§ Material supplied
--- START ---

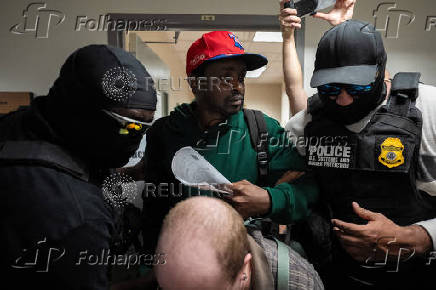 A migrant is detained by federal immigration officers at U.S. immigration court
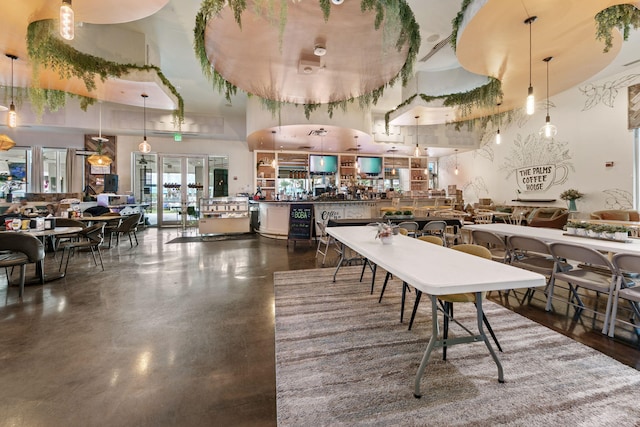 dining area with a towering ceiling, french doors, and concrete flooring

--- END ---
--- START ---

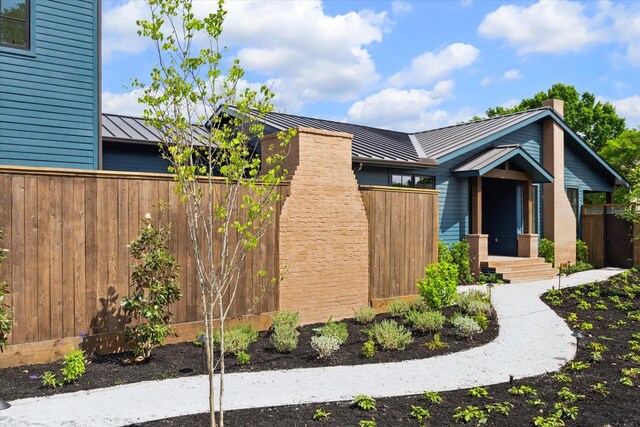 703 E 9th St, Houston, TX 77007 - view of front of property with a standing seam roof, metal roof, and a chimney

--- END ---
--- START ---

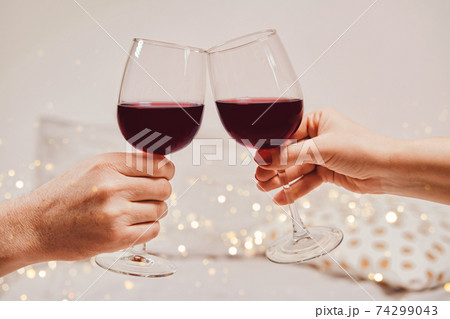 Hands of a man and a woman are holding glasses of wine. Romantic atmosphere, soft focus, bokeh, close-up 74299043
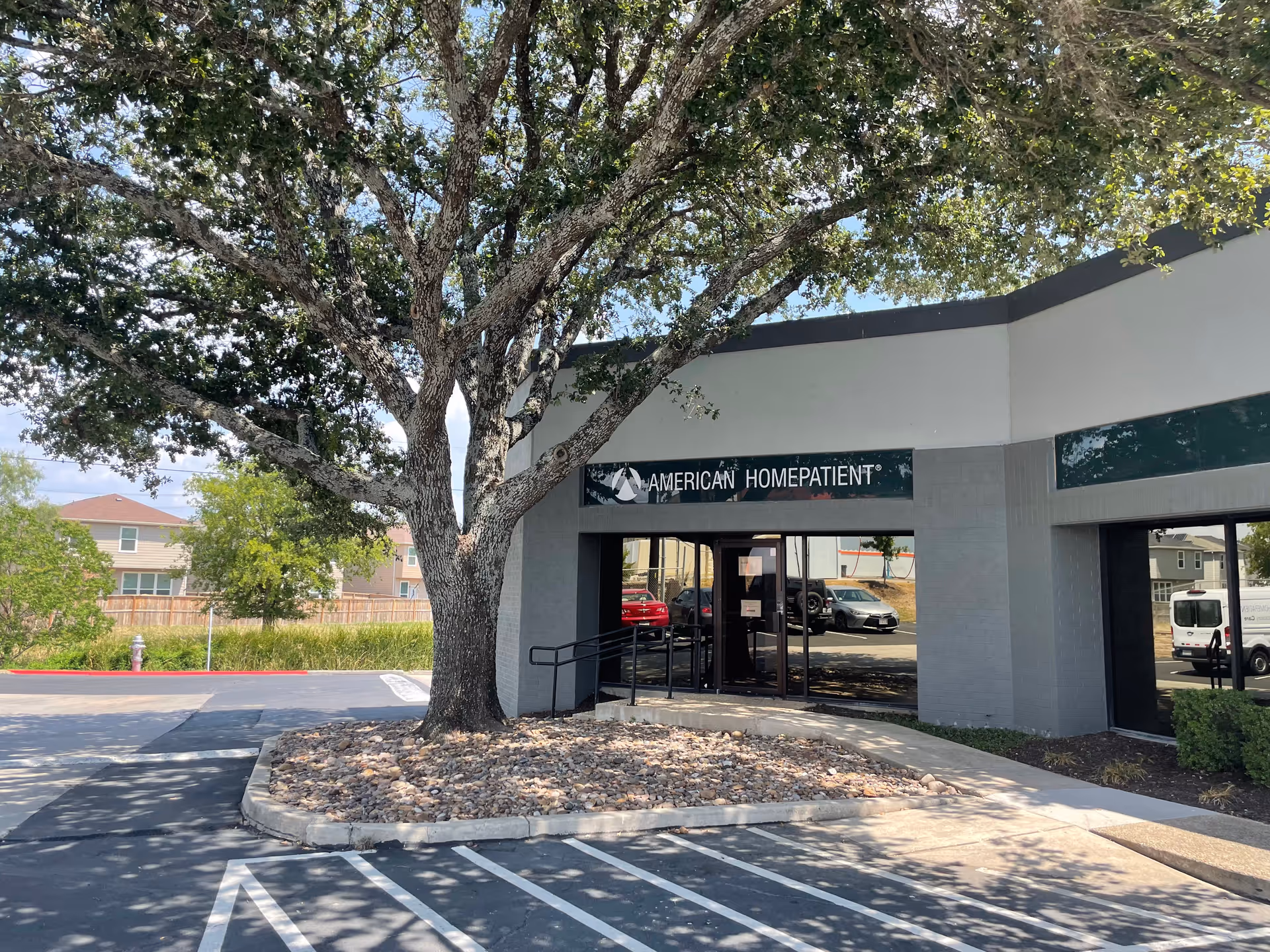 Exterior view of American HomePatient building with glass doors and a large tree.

--- END ---

§ Assignment
In the listing above, find the line with "A migrant is" and the line with "dining area with". Set down exactly those lines and everything between them, skipping pictures.

§ Result of the task
 A migrant is detained by federal immigration officers at U.S. immigration court
 dining area with a towering ceiling, french doors, and concrete flooring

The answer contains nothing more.